Tekrar olacak… Milletin temelinde dil vardır. Dil iki yoldan milleti oluşturur:

1) Milletin nesilleri arasında, zaman üzerinde bağ kurar.

2) Milletin yaşayan bireyleri arasında, mekân üzerinde bağ kurar.

Siz on yılda bir dili, on yıl öncekini anlayamaz hâle getirirseniz zaman içindeki bağı yok edersiniz.

Dünyadaki bütün Türkler, sizinle birlikte kültür devrimine kalkışmadıysa, coğrafya üzerindeki bağlayıcılığı da bitirirsiniz. Avrupa’dan Asya’ya, Türkiye dışındaki Türk ülkelerine gidenler şu acı gerçeğin hemen farkına varırlar: Annelerinin, Türkçesiyle, “anadilleriyle” konuştuklarında anlaşılmaktadırlar. Dışımızdaki Türkler, meselâ Atatürk’ün nutkunu, orijinal şekliyle anlamakta çok güçlük çekmezler. Fakat mevzi yerine “dayanga”, refah yerine “gönenç” derseniz, Tebriz- Erdebil yolunda “modern Türkçe” ile hitap ettiğim bir Azerî Türk köylüsünün bana söylediği gibi “mazeret dilerem, özüm Farsî bilmerem” derler.

Binlerce yıllık Türkçe, kendini beş yüz yıllık İngilizce’ ye karşı rahatlıkla savunur. Fakat on- yirmi yıllık bir Öztürkçe’ nin hiç bir şansı yoktur.

* * *

Bu tablodaki karanlığı ufukta gördüğüm ışıktan bahsederek dağıtmak istiyorum.

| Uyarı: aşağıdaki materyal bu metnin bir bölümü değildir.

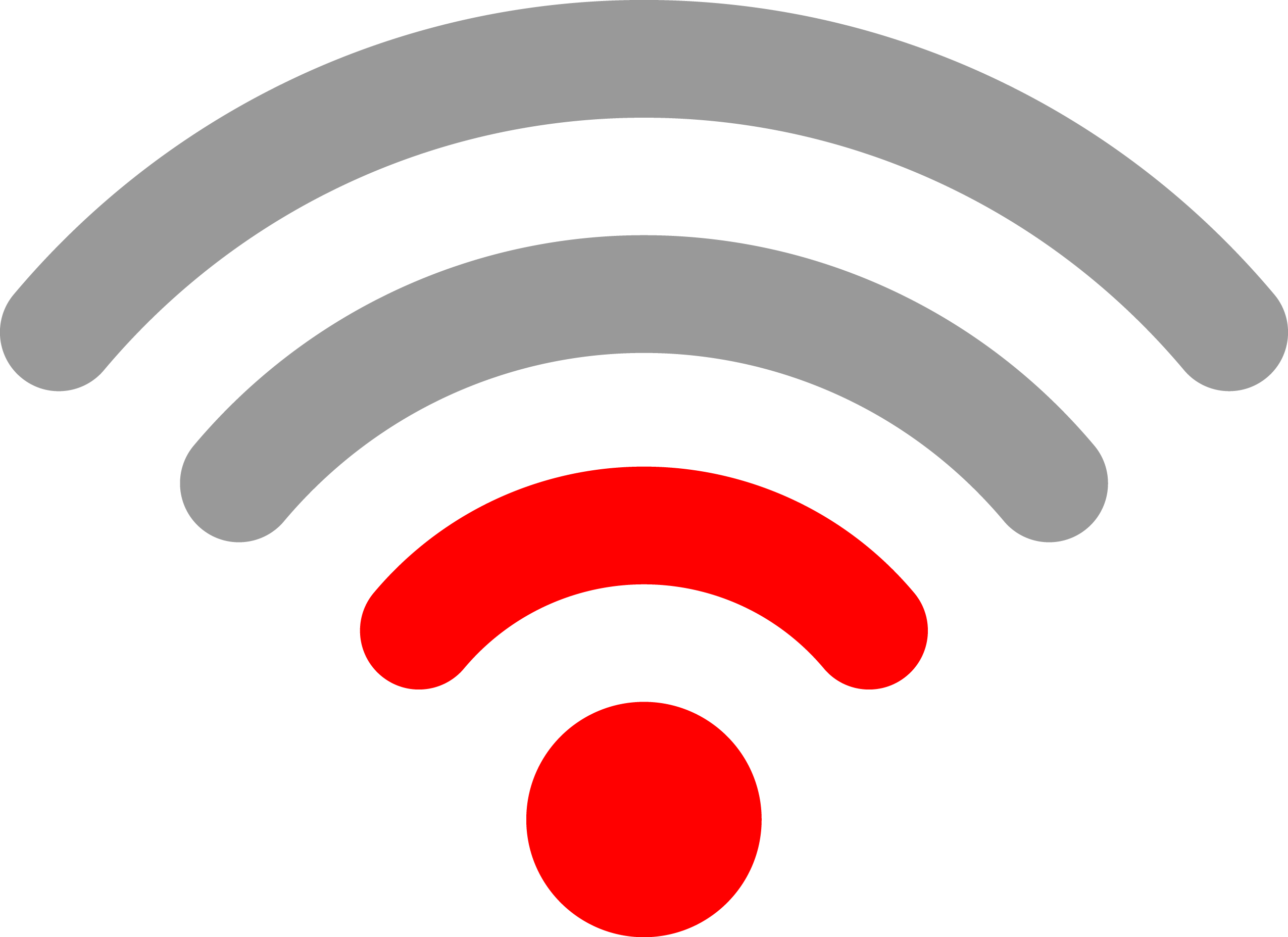 紅色 Wi-Fi 信號圖示 壁紙 — 一個極簡風格的WiFi符號，由三個灰色弧線和一個紅色弧線組成，位於白色背景上的紅色圓點上方。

Peki, durum vahim mi? Hayır… Tam tersine tahribatın sonuna gelindiğine, hatta zenginleşmenin başladığına inanıyorum. Artık fikir hayatı beş- on kişinin sultasında değildir. Belki yüzlerce yıldır süren Tandoğan sınıfı—evet, en az Osmanlı’dan beri mevcuttur—yok olmaktadır. Şehirleşme ve ekonomik güçlenme yükseldikçe Türk insanı da doğru konuşmaya, doğru yazmaya zorlanacak; bunları yapabilmek için Türk diline hâkim olma mecburiyetini hissedecektir. Bu insanların Türk edebiyatından başka gidecekleri yer yoktur ve Türk edebiyatı, Orkun Kitabelerinden başlar, Yusuf Has Haciblerden, Gazneli Mahmutlardan, Fuzuli ve Bakilerden Yahya Kemallere uzanır. Uydurma kelimler, bu derinliğin içinde kaybolacak mı? Belki bir kısmı… Fakat geriye kalanlar, sonunda, istiridye’ nin aslında içine girmiş bir kum tanesini, bir yabancı maddeyi inciye çevirmesi gibi, Türkçe’ ye ilâve bir zenginlik getirecektir.

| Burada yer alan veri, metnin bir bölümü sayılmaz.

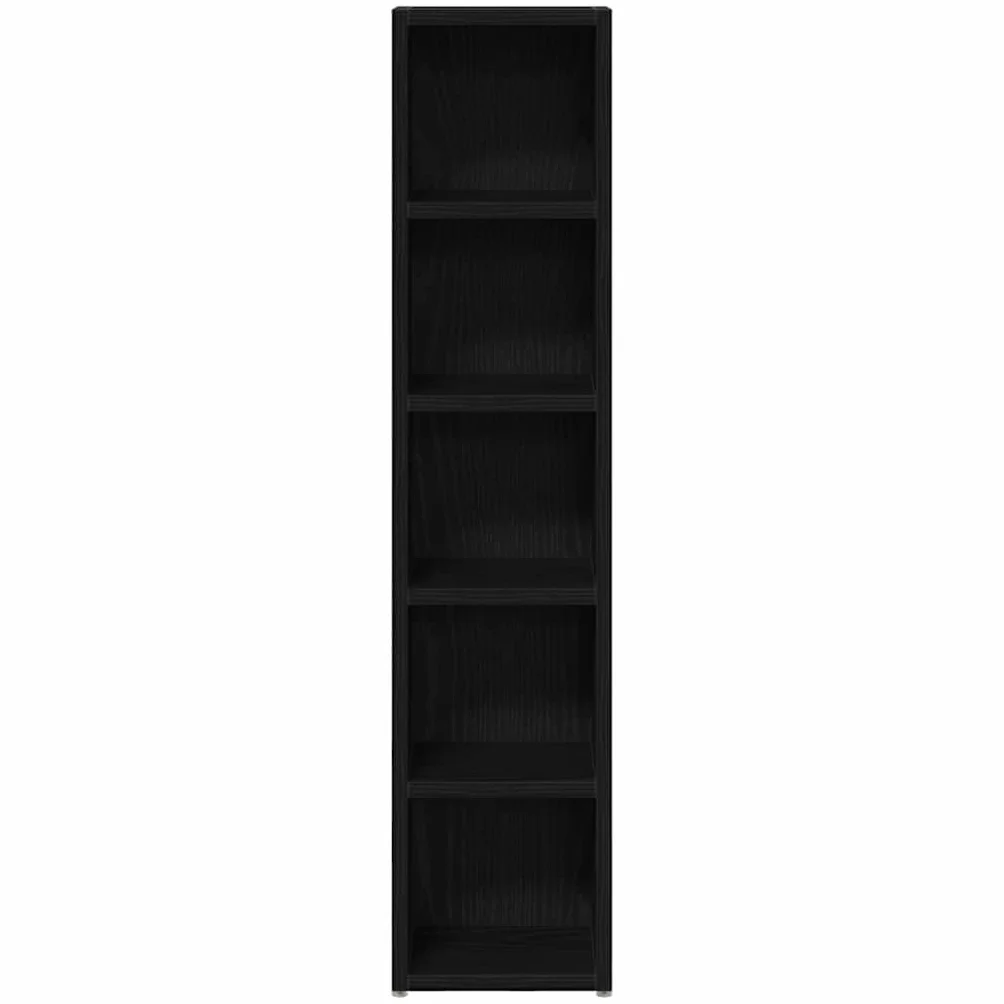 vidaXL Szafki na płyty CD - drewniane jednostki magazynowe - czarny dąb, nowoczesny design, 93 cm wysokości, 2-częściowy zestaw do salonu / sypialni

Dilde yenilik olur. Dilde yenilik, daha ince anlamların ifade edilmesiyle; eskide benzeri olmayan eserlerin ve üslupların ortaya çıkmasıyla gerçekleşir. Ama bunu becerebilmek için eskinin birikimi gerekir. Şu anda edebiyatımızın bütün cephelerinde yazarlarımızın tarihî edebiyatlarını öğrenme gayretinde buluşmalarının arkasında işte bu ihtiyaç vardır.

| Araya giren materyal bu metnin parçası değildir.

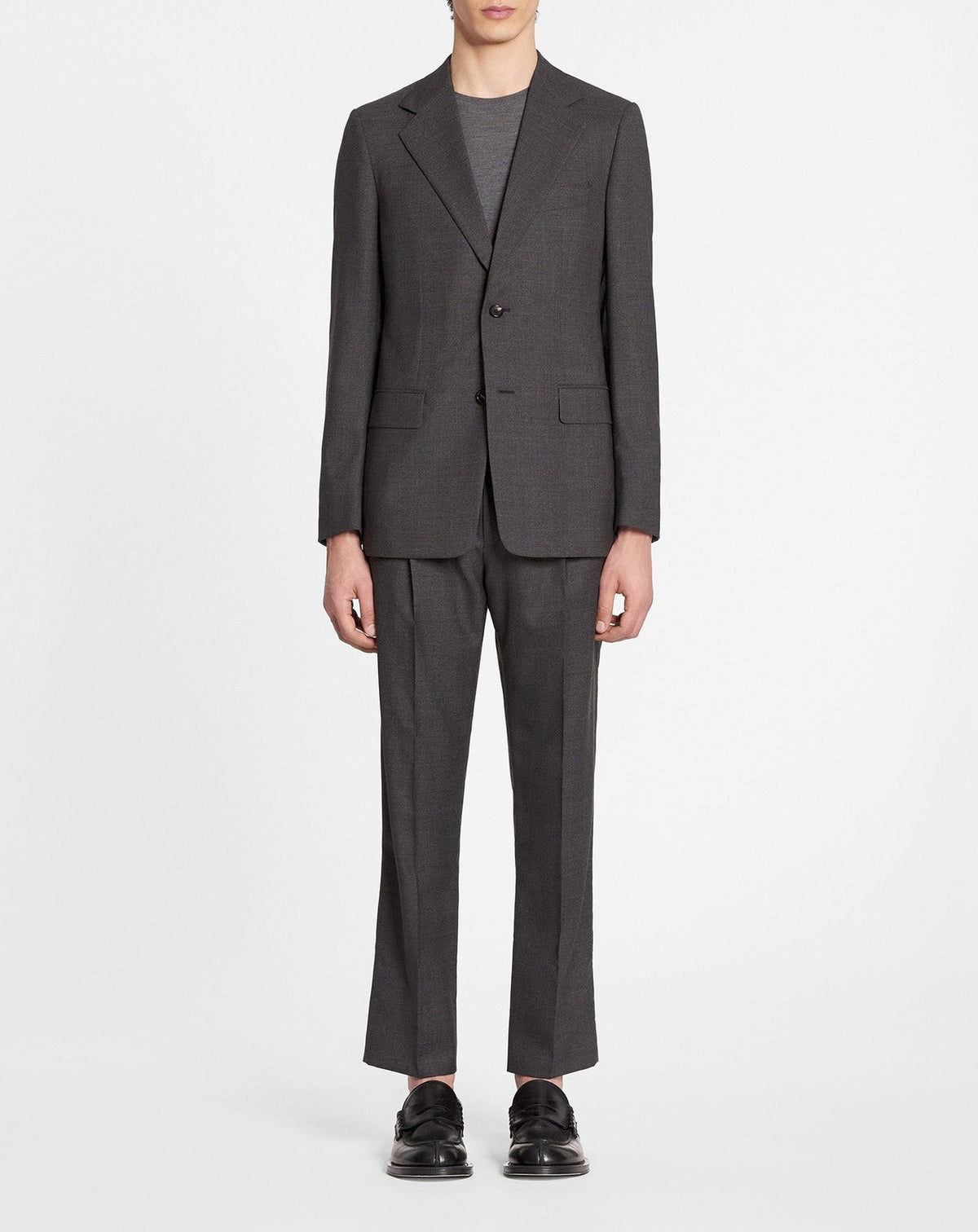 Blazer à simple boutonnage en laine - Anthracite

Türkiye’de bir yılda yayınlanan edebî veya edebiyat dışı kitapların sayısının artış hızına bakın. Dünya ortalamasının pek gerilerinde olmamıza üzülmeyin; bu, önümüzdeki potansiyelin büyüklüğüne işarettir.  

Dünya ile artan temas, Türkçe’ yi ve Türk edebiyatını da güçlendirecektir. Yıkımın failleri dünyayı iyi bilenler değil, özellikle batıyı üstünkörü görüp “ben artık oldum” zehabına kapılan alaylılardı. Dünyaya yakından bakanlar batılıların dillerinin, edebiyatlarının, doğru yazıp konuşmanın üzerinde nasıl titrediklerini görecektir. Sonra dönüp bizim dilcilerimizden hesap soracaklar: Niye müdahale etmediniz? Niye geç kaldınız?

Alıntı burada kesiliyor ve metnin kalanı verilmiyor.